1.
Sources and Structure
1.1
Sources
Kaempferol, as a polyphenol, is present in many compounds. Common sources include:
- Apples
- Citris Fruits
- Grapes and red wine
- Onions and leeks
- Tea (camellia sinensis)
- Ginkgo Bilboa and St.Johns Wort
- Nymphaea odorata[1]
- Alpinia officinarum hance, or Galangal Extract[2]
- Hedyotis verticillata (Source of kaempferitrin, kaempferol's rhamnoside sugar form)
- Red beans and pinto beans (husk)[3] generally the species of bean Phaseolus Vulgaris.[4]
2.
Pharmacology
2.1
Absorption
The bioavailability of an oral load of kaempferol appears to be about 2% relative to an IV injection,[5] with most detectable molecules becoming quercetin, conjugated kaempferol, or isorhamnetin (3-O' methylated Quercetin).
About 3-4% of an oral dose of kaempferol (after 100mg/kg ingestion) appears to be excreted in the urine as free kaempferol.[5] The majority of the urinary metabolites appear to be glucuronides.
2.2
Serum
After a 1mg/kg bodyweight dose of Kaempferol in rats, a Cmax of 2.04+/-0.8nM was reached in serum after 30 minutes.[6] Higher doses have a slightly delated max peak at 60-90 minutes.[5] Approximately half of orally ingested Kaempferol is removed from the serum 4 hours after ingestion, and no free Kaempferol can be detected 6 hours even after a 250mg/kg bodyweight dose.[5]
In bone cells, the Cmax of Kaempferol is 0.684nM after 90 minutes.[6]
Chronic feeding (at 5mg/kg bodyweight) results in levels of 0.311nM after 4 weeks and 0.838nM after 12 weeks in rats.[6]
2.3
Interactions with P450
The liver appears to be more readily active on kaempferol than do the intestines, as assessed by a higher Vmax.[5] This was paired with a lower Km for hepatic microsomes relative to intestinal, suggesting more importance for the liver in the P450 metabolism of kaempferol.

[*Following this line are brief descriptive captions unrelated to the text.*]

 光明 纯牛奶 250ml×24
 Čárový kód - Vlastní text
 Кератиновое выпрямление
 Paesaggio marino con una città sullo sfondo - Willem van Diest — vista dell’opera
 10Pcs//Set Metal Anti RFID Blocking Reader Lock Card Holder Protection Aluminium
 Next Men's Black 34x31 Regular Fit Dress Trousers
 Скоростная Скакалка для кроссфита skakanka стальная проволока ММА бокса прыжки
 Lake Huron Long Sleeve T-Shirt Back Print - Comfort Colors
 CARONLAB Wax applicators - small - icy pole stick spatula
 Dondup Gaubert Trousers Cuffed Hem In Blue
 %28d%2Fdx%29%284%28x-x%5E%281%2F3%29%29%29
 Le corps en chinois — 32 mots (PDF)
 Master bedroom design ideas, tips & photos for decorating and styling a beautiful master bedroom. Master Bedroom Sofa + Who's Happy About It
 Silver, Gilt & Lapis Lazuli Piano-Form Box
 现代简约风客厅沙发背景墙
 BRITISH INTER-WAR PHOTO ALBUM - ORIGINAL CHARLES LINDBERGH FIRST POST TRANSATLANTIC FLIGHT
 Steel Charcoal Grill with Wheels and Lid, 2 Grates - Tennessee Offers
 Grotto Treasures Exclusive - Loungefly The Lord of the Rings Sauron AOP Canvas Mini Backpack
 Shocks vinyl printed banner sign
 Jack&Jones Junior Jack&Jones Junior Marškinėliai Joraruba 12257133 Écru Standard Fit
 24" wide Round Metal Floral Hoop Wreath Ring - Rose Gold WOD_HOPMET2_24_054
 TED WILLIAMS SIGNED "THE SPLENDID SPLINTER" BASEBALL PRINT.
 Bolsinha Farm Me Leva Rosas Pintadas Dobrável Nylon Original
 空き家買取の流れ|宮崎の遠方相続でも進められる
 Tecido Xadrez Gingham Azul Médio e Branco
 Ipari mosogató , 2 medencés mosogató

Metabolic clearance via UDPGA conjugation appears to happen more readily than does Phase I oxidation.[5] When kaempferol undergoes Phase I oxidation, it becomes Quercetin,[7][5] and when it gets conjugated kaempferol becomes primarily Kaempferol-7O-glucuronide[8][9] although up to four glucuronides have been noted, including Astragalin (Kaempferol-3O-glucoside).[5] Glucuronidation is primarily undertaken by UGT1A3 and UGT1A9.[8]
3.
Neurology
3.1
Neurooxidation
Kaempferol possesses the ability to block the enzyme NAPDH oxidase (NOX), and act as a neuroprotectant against degeneration processes mediated by the NOX enzyme, [10] such as 4-HNE, a product created from lipid peroxidation of cellular membranes[10] and Advanced Glycemic End-products at an oral dose of 2-4mg/kg bodyweight in rats.[11]
4.
Interactions with Glucose Metabolism
4.1
Glucose Uptake
5.
Skeletal and Joint Health
6.
Fat Mass and Obesity
6.1
Adipogenesis
Kaempferol's inhibitory activity on Fatty Acid Synthase(FASN), the sole enzyme responsible for de novo lipogenesis, is via acting as an inhibitor of the FASN cascade, which uses the two substrate malonyl-CoA and acetyl-Coa along with NAPDH to ultimately produce palmitate.[16] Out of tested polyphenols, Kaempferol's inhibition of FASN was more potent than that of Green Tea Catechins, Apigenin and Taxifolin but less than that of quercetin and luteolin, of which the latter was the most inhibitory.[16]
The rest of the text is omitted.